On the morning of July 13, community members were treated to a Master Gardeners seminar at the UC Cooperative Extension Office in Merced on how to have a healthy lawn at their residence.
“Lawn Care for the Central Valley” covered what kind of grass to plant, and the correct use of fertilizer and pest control, irrigation and various management techniques to have a lawn fit for the Central Valley.
Also covered was replacement of a lawn with other forms of ground covering.
During an interview with the Times, Master Gardener Stan Bunce, who put together the seminar, explained, “The type of lawn a person chooses for the Central Valley should be warm season grass — Bermuda or St. Augustine — to deal with the hot summers we have. It’s grass that goes dormant in the winter. Bermuda is a very heat tolerant grass. = If you take care of it in your lawn, it looks very nice. It can stand a lot of punishment. If kids trample it by playing sports on it, it re-seeds itself.”
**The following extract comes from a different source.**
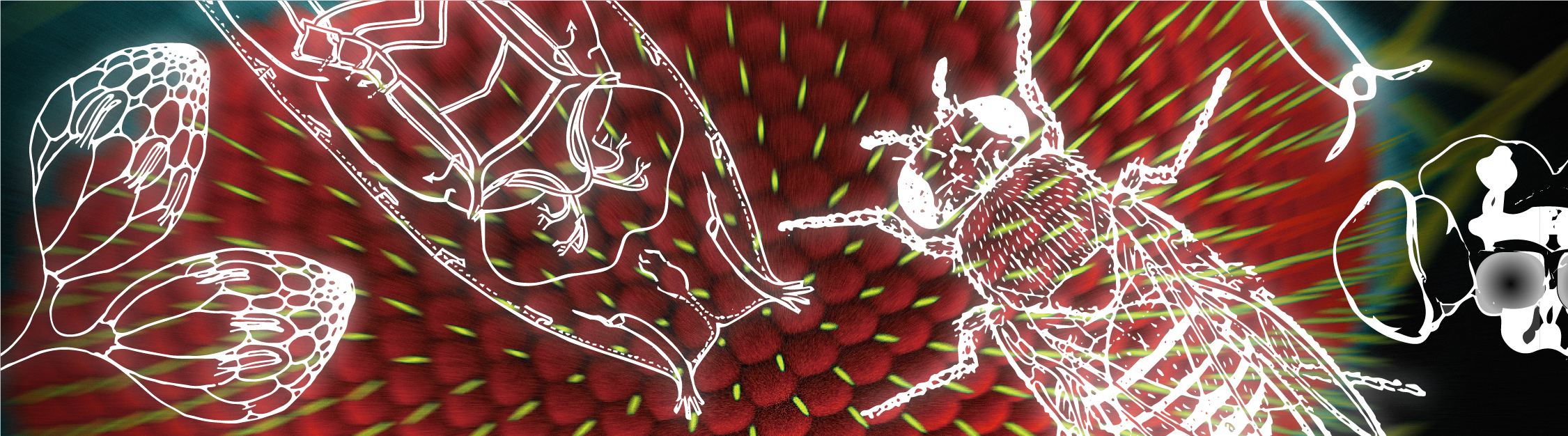 果蝇的无机磷酸盐代谢机制 - PXo小体的发现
“You can buy Bermuda seed at a garden shop, and you can buy plugs, which are little pieces you put in every couple of feet. Grass grows and fills in. Each branching of the grass can send down roots and blades by itself, so you can take the equivalent of clippings and they will take root and grow.
“If you want better Bermuda grass, you can get Hybrid Bermuda grass. It’s bred for its good qualities. It’s less weedy, and more lush, and is easier to take care of.”
Describing a different planting method, Bunce said, “You can also lay sod. There is a local company that grows sod commercially and it is used for ball fields and they roll on the sod.”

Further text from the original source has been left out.